======== SUPPLIED DATA ========

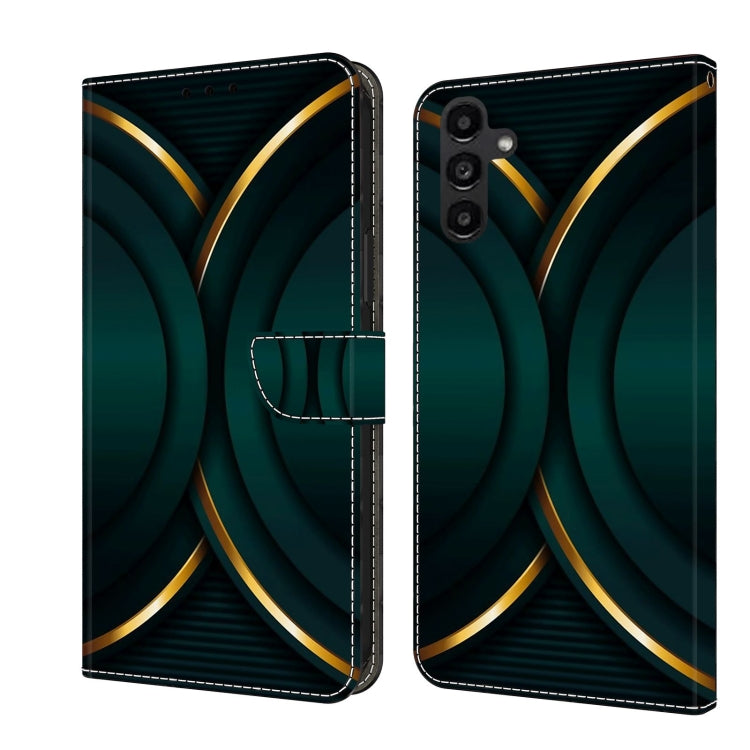 Custodia per telefono in pelle protettiva antiurto Crystal 3D, For Samsung Galaxy A14 4G / 5G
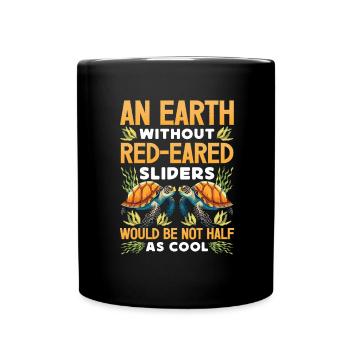 Red-eared turtle lovers - Full Colour Mug - black - Front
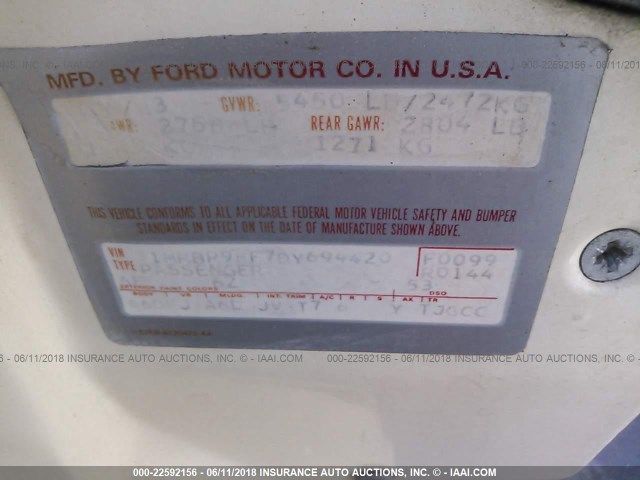 1MRBP98F7DY694420 - 1983 LINCOLN MARK VI GRAY photo 9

========

EXERCISE
Drop the pictures and copy the data exactly.

TASK SOLUTION
 Custodia per telefono in pelle protettiva antiurto Crystal 3D, For Samsung Galaxy A14 4G / 5G
 Red-eared turtle lovers - Full Colour Mug - black - Front
 1MRBP98F7DY694420 - 1983 LINCOLN MARK VI GRAY photo 9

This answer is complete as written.